結果どうなったか。自分勝手な好意という悪意から逃れるべく飛び回った果てに、ケージの隅にあった巣の上に追い詰められて行き場を失ったジュウシマツは、可哀想なことに足に怪我をしてしまった。それ以来、ぴょんぴょんと跳ねることもできずちょこちょことしか動けなくなり、満足にケージの中を動き回ることもできなくなった。そして彼を捕まえることも容易になってしまった。
けれども馬鹿だった僕はそれをいいことに、ジュウシマツを手の中でなでなでするという自分の欲望を存分に満たしていた。僕の手が近付いた時、そして手の中に入れられてなでられる時、彼はどんな気持ちだっただろう。そう思うといたたまれない。

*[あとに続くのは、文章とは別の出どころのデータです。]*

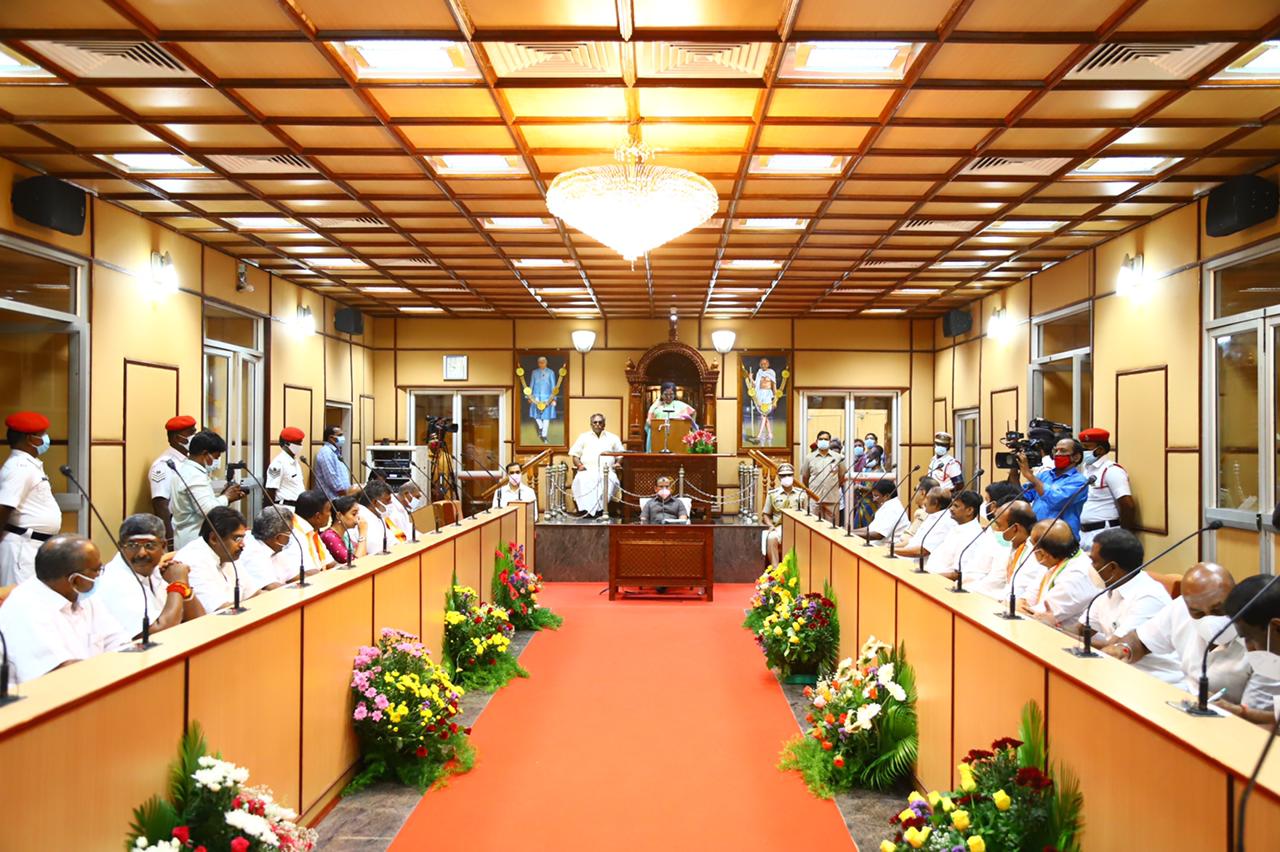 Tamilisai speech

その後もジュウシマツは何年か生きて最期の死ぬ瞬間まで看取ったが、今思うとあれは間接的に僕が殺したんじゃないかと思っている。もちろん直接殺した訳ではなく寿命と言われている年月ほどは生きもしたが、その中で僕が奪った自由はいかほどだったろうと思うと、やはりいたたまれない。
生き物を可愛がるのは難しい。ひょっとすると実家の犬への可愛がり方も自分勝手なものになっていやしないか。